What is VRAM and why does it matter for AI?
VRAM is the fast memory built into a GPU, separate from your computer's regular RAM. The model's weights have to fit in VRAM to run, and VRAM is small and expensive. As a rule of thumb a model needs about 2 bytes of VRAM per parameter at FP16 — so a 70B model needs roughly 140 GB just for weights. VRAM capacity is usually what decides whether a given model fits on a given GPU.
Why is AI compute so expensive?
The arithmetic itself is cheap; the bottleneck is the hardware that does it fast. Datacenter GPUs cost tens of thousands of dollars each, there is a global shortage, and frontier models need many of them linked together. When you pay per token you are renting milliseconds on one of these chips. Providers keep prices as low as they are mainly by batching many users onto each GPU.
What's the difference between a GPU and a TPU for LLMs?
Both are parallel processors built for matrix math. GPUs (mostly NVIDIA's H100 and Blackwell B200 as of mid-2026) are general-purpose accelerators used across the industry.

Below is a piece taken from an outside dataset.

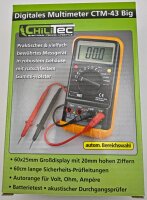 Digital-Multimeter "CTM-43 big" - Volt, Amp., Ohm, autom. Messbereichswahl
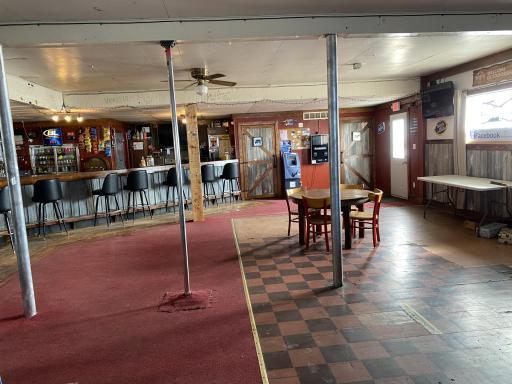 Open concept bar area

TPUs are Google's custom chips designed specifically for neural-network math; the latest, Ironwood (TPU v7), has 192 GB per chip and powers Google's own Gemini models. For most users the practical difference is invisible — both deliver the parallelism LLMs need.
Why does a bigger model respond more slowly?
Generating each token requires reading the model's entire set of weights out of VRAM. A bigger model has more weights to read, so each token takes longer — even if the GPU's raw math capacity is barely used. This is called being memory-bandwidth-bound, and it's why model size, not cleverness, is the main driver of streaming speed.
How much GPU memory do I need to run a 70B model locally?
At full FP16 precision, about 140 GB — more than any single consumer GPU. With 4-bit quantization it drops to roughly 35-45 GB, which can fit on a single high-end card (such as a 48 GB GPU), plus extra headroom for the KV cache. Quantization is the standard trick that makes large models runnable on small hardware, at the cost of a little accuracy.